En revanche, si l’histoire assez linéaire se suit sans trop de temps mort et avec intérêt, elle semble souvent glisser progressivement vers l’hallucination, le trip sensoriel mais sans jamais s’y livrer totalement. À ce titre, « Ballad of a small player » a un positionnement un peu hybride qui semble prendre le conditionnel comme ligne de conduite. Avec l’arrivée au sein du récit d’un personnage féminin qui semble le comprendre, le film opère une bascule dont on ne sait jamais si elle va vraiment dans l’irrationnel et l’onirisme ou si on voit effectivement la réalité. Le script laisse beaucoup de points de suspensions et laisse notre esprit interpréter les choses mais il manque de clés de compréhension. La relation entre le personnage principal et cette femme chinoise semble irréelle et peu crédible mais on ne sait pas si c’est volontaire ou non. Cela laisse le spectateur dans un entre-deux aussi intéressant que frustrant. Le film reste ainsi à la porte du chef-d’œuvre qu’il aurait pu/dû être.
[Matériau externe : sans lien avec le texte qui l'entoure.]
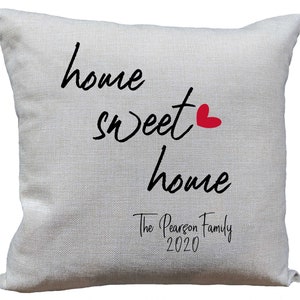 May include: A white throw pillow with the text "home sweet home" in black cursive font. A small red heart is next to the word "sweet". The text "The Pearson Family 2020" is printed below in black cursive font.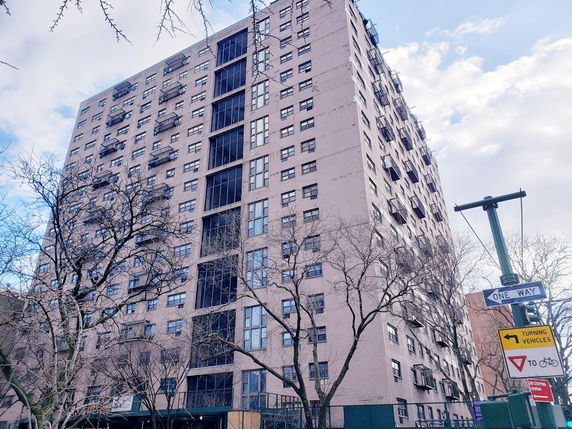 Front view of a multi-story residential building.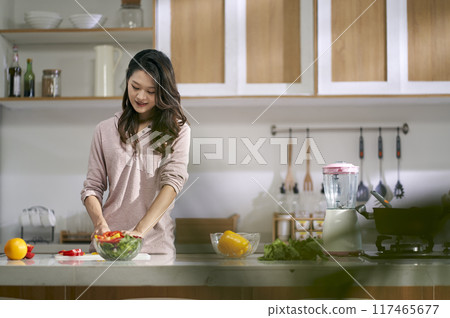 young asian woman preparing meal in kitchen at home 117465677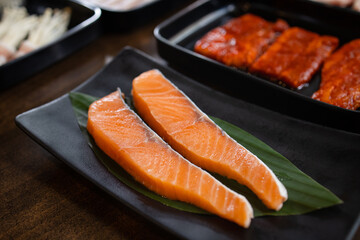 Raw salmon fillet on black rectangular plate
Il reste cependant une certitude : l’addiction au jeu est ici bien dépeinte comme pouvait l’être celle au sexe de Michael Fassbender dans « Shame » ou celle aux drogues de Timothé Chalamet dans « A beautiful boy », de manière viscérale. Et Berger illustre le propos avec une couche de symbolisme presque surnaturelle qui ajoute une part d’originalité parfois maladroite et d’autres fois vraiment pertinente. En ce sens, la fin du film est particulièrement sujette à discussion de la plus belle des manières et l’aspect rédemption est bien amené. Cependant, une bonne partie du film se positionne sur la corde trop raide entre réalité et pure rêverie qui empêche d’adhérer totalement au projet et d’embrasser la proposition. Dans tous les cas, voilà une œuvre qui a de la gueule et, sans aucun doute, digne d’intérêt.